Concept in international law

International law recognises a right to collective self-defence. This allows a state to come to the aid of another state that has come under attack by a foreign power, in an exception to the prohibition on the use of force in international relations. Collective self-defence is enumerated as an inherent right in the Chapter VII, Article 51 of the Charter of the United Nations.

==Concept==
Collective self-defence refers to a situation in which one or more states take military action to assist another state that has come under attack by a foreign power. Chapter VII, Article 51 of the UN Charter enumerates an inherent right to both individual and collective self-defence, in an exception to the general prohibition on the use of force in international relations.

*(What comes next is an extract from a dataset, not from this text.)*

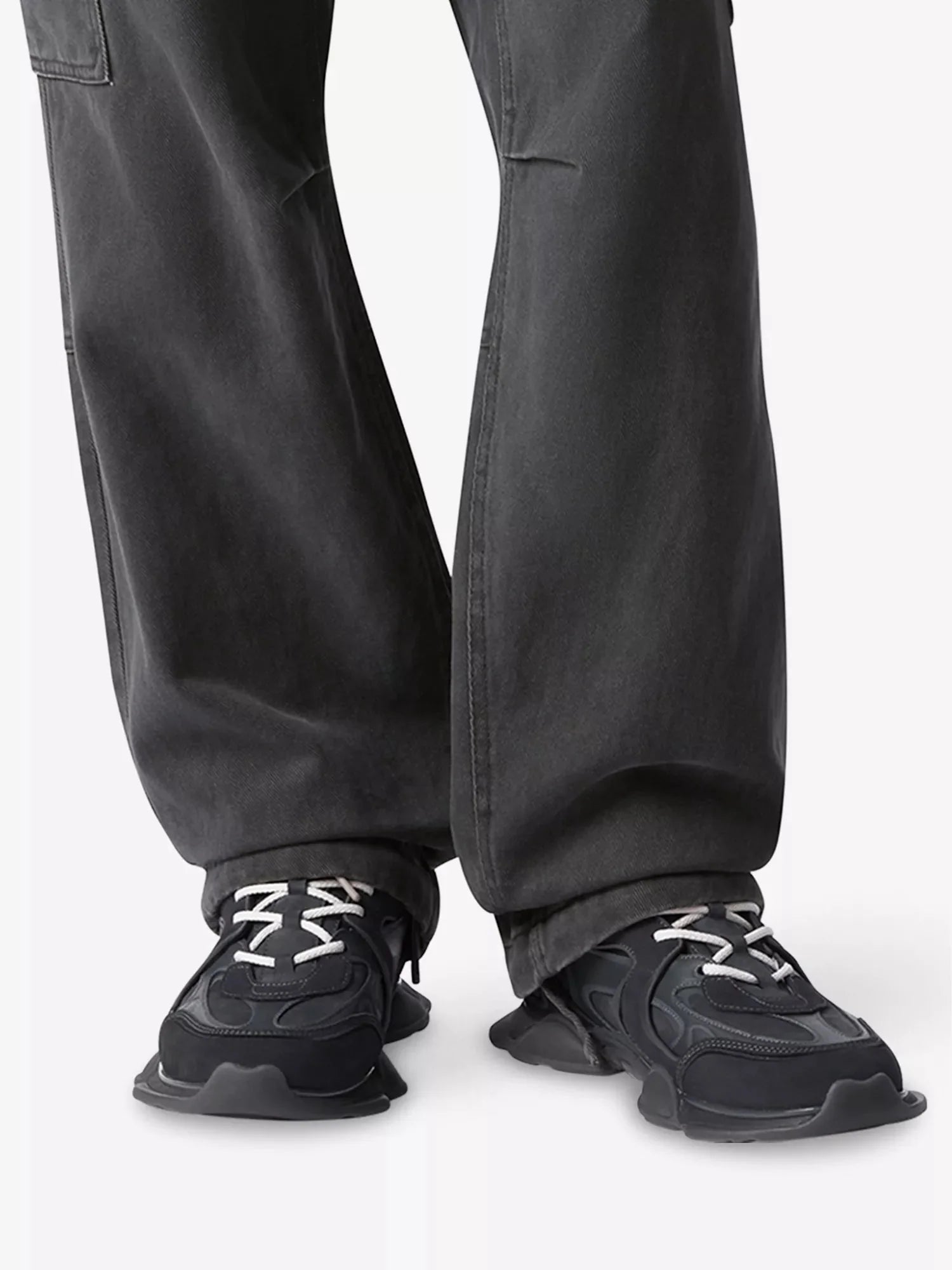 Men's Eris Leather and Suede Trainers Axel Arigato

Nothing in the present Charter shall impair the inherent right of collective or individual self-defence if an armed attack occurs against a member of the United Nations, until the Security Council has taken the measures necessary to maintain international peace and security. Measures taken by members in exercise of this right of self-defence shall be immediately reported to the Security Council and shall not in any way affect the authority and responsibility of the Security Council under the present Charter to take at any time such action as it deems necessary in order to maintain or restore international peace and security.
— Chapter VII, Article 51 of the UN Charter

Any legal exercise of the right to collective self-defence must meet two conditions: the state to be assisted must make a legitimate request for aid, and must have suffered an armed attack. No formal treaty need exist between the requesting state and the assisting state. The term "armed attack" refers to a "qualitatively grave use of force"; only a use of force of sufficient gravity can qualify as an armed attack. While the requesting state must have been subject to an armed attack for any exercise of collective self-defence to be legal, the assisting state need not have come under attack. As confirmed in Nicaragua v. United States, any exercise of collective self-defence must be both necessary – i.e. a last resort – and proportionate.

==History==
While collective self-defence as a concept existed prior to the UN Charter's drafting in 1945, the term itself was a new creation. It was incorporated into the UN Charter to assuage Latin American countries, which were concerned that a permanent member of the United Nations Security Council could use its veto power to invalidate the Act of Chapultepec, a regional collective security arrangement.